▶ _Task_:
Could you copy every record exactly, leaving the pictures behind?

▶ _Scraped caption text data_:
====
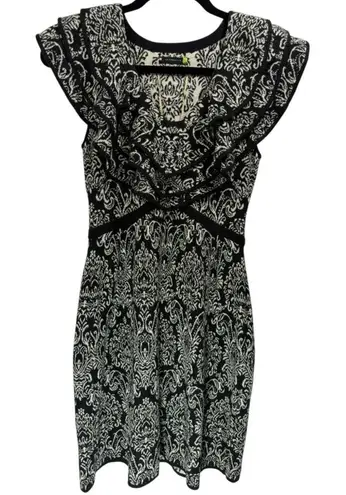 Leifsdottir Ruffle Neck Sleeveless Wool Cashmere Sweater Dress XS Black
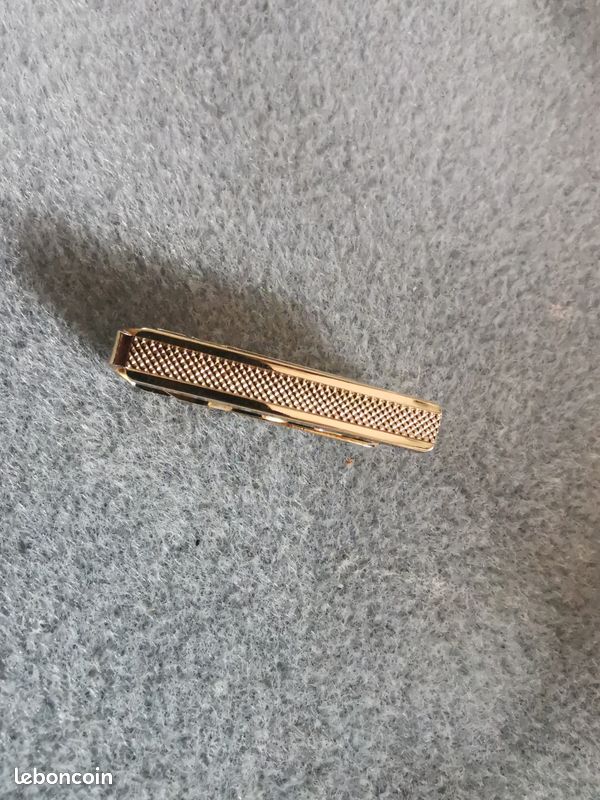 Pince à Cravate Vintage Anson - Ton Or émaillé, Style Rétro élégant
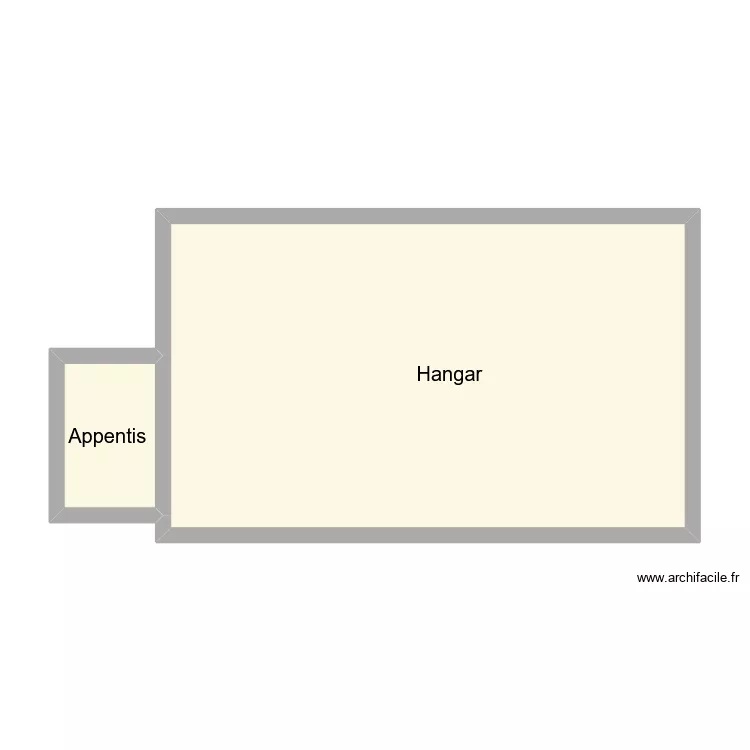 hugues. Plan de 2  et 53 m²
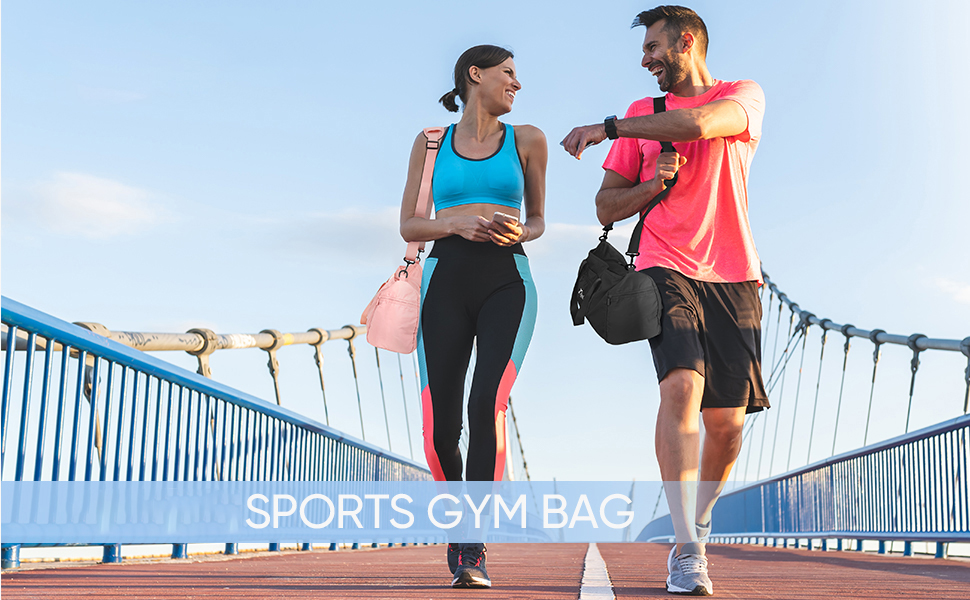 gym bag with shoe compartment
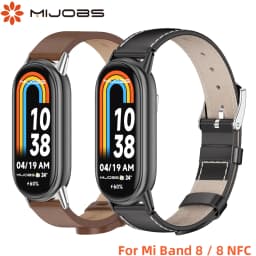 Mi Band 10 11 9 8 Leather Strap For MiBand 9 Bracelet Replacement Watchband for Xiaomi Smart Band 8 NFC Version Miband 8 Strap
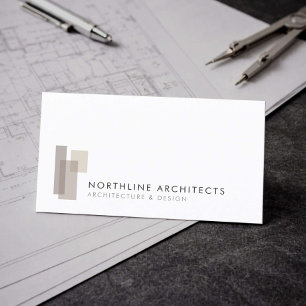 Carte De Visite Cabinet d'architecte moderne minimaliste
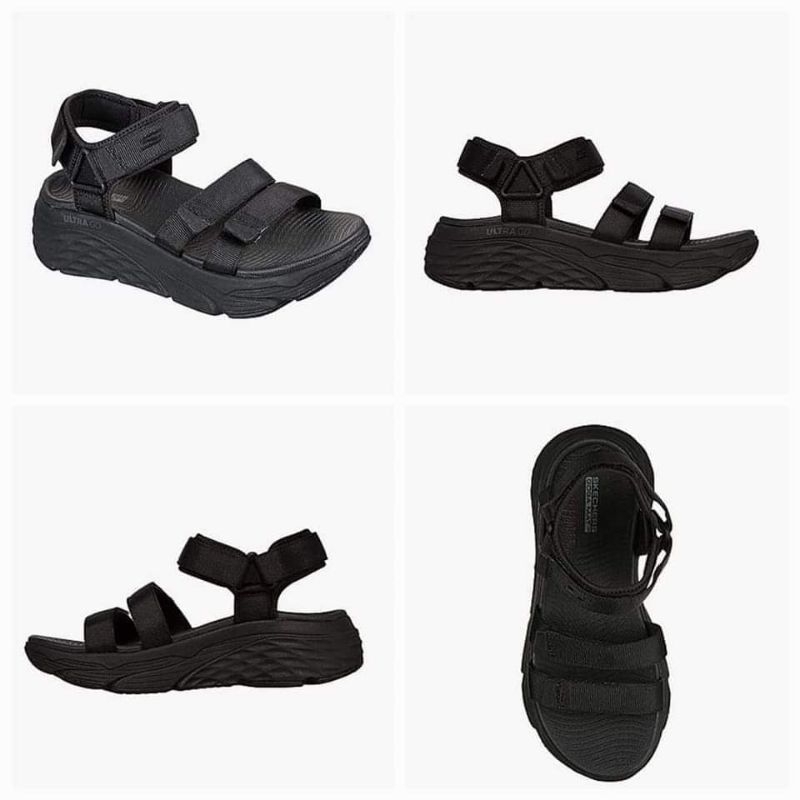 SALE100%Original Skechers Max Cushioning - Sandal Wanita Lured - Hitam Kode Produk: SKE140218BBK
====
▶ _Answer section_:
 Leifsdottir Ruffle Neck Sleeveless Wool Cashmere Sweater Dress XS Black
 Pince à Cravate Vintage Anson - Ton Or émaillé, Style Rétro élégant
 hugues. Plan de 2  et 53 m²
 gym bag with shoe compartment
 Mi Band 10 11 9 8 Leather Strap For MiBand 9 Bracelet Replacement Watchband for Xiaomi Smart Band 8 NFC Version Miband 8 Strap
 Carte De Visite Cabinet d'architecte moderne minimaliste
 SALE100%Original Skechers Max Cushioning - Sandal Wanita Lured - Hitam Kode Produk: SKE140218BBK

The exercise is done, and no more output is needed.